|The Oryx - Linda's new favorite animal|
It has been so long since I posted a blog entry that this is just going to be an overview of our time in Namibia. I’ll post individual entries later along with more from South Africa and Botswana.
Namibia is a dry country of amazing contrasts. Its European colonial history began with ‘discovery’ by the Portuguese as they were searching for that elusive route around Africa to the East and its spices. But as a colony, it was founded by Germany with the exception of the port of Walfish Bay (Walvis Bay) which somehow the British commandeered as a port to furnish its inland colonies. When Germany lost World War I, the colony was given to South Africa to administer. Over the years, the United Nations tried to get South Africa to give up control, but it took fighting and was not until 1990 that Namibia gained independence. Walvis Bay was added in 1994. Meanwhile, South Africa had extended its apartheid regime into Namibia. The legacy remains, but Namibians will tell you with pride that race is not an issue today.
|Our camp from the air|
The coastal city of Swakopmund is the most interesting urban area in Namibia. The German heritage is easily seen in the buildings and the monument honoring the 1904 defeat of the local tribe. Moreover, even though English is the national language, you are much more likely to hear German spoken on the street and in the shops. Unlike the other southern African naitons we have visited, the overwhelming majority of visitors here are from German or Switzerland. I had to go back four months to find another American in the guest book at our hotel.

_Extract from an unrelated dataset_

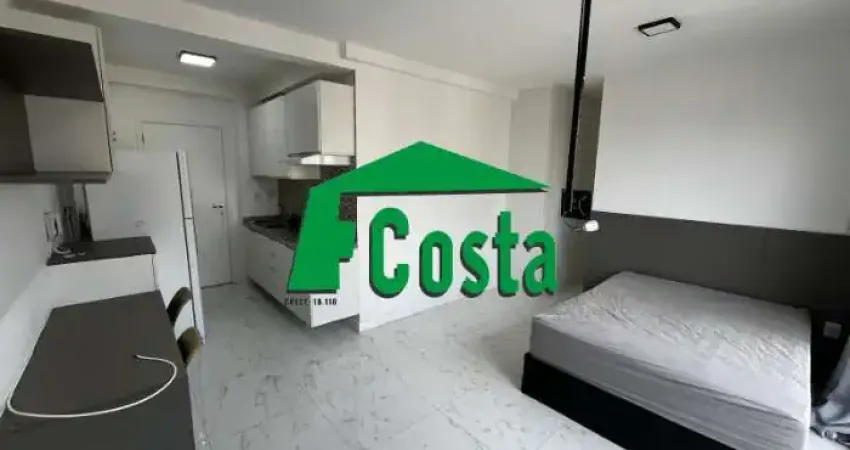 Studio para locação em santana - mobiliado e com lazer completo.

Our first stop was Sossusvlei, a national park you have certainly seen in pictures. The red sand and the dead trees are unmistakable. Animal life is minimal which only makes the oryx and springbok more dramatic when you see them silhouetted against the dry landscape. Nor are there a lot of birds, but eleven of the 23 birds we saw were new ones. The treeless landscape also allowed us the opportunity to see jackals and bat-eared foxes.
From Sossusvlei we flew 140 miles to Swakopmund and then drove to Damaraland for a different landscape experience. With just a bit more water and occasional river flow, this area has enough trees to support a healthy population of elephants. We also saw kudu and steenbok. As in Sossusvlei, the lack of predators means the animals can live in peace and humans are able to walk the property without a guard.
Our next to last stop is the famous Etosha National Park where animals abound. Almost a quarter of the area is the Etosha Pan, a dry lakebed so salty that nothing grows on it. The rest of the park varies from dry scrubland to forested areas. Waterholes dispersed about the landscape provide enough water for a good variety of animal and bird life, incluinding lions, leopards, and cheetahs. The only missing animals are those that need lots of water like cape buffalo and hippopotamus. Best are the thriving populations of black and white rhinoceros, one of the few places in Africa that can make that claim. The facility manager says that the best anti-poaching unit here is the lions.
|Southern Pale Chanting Goshawk|
Tomorrow we leave Etosha for Otjiworongo and the Waterburg Plateau. More later.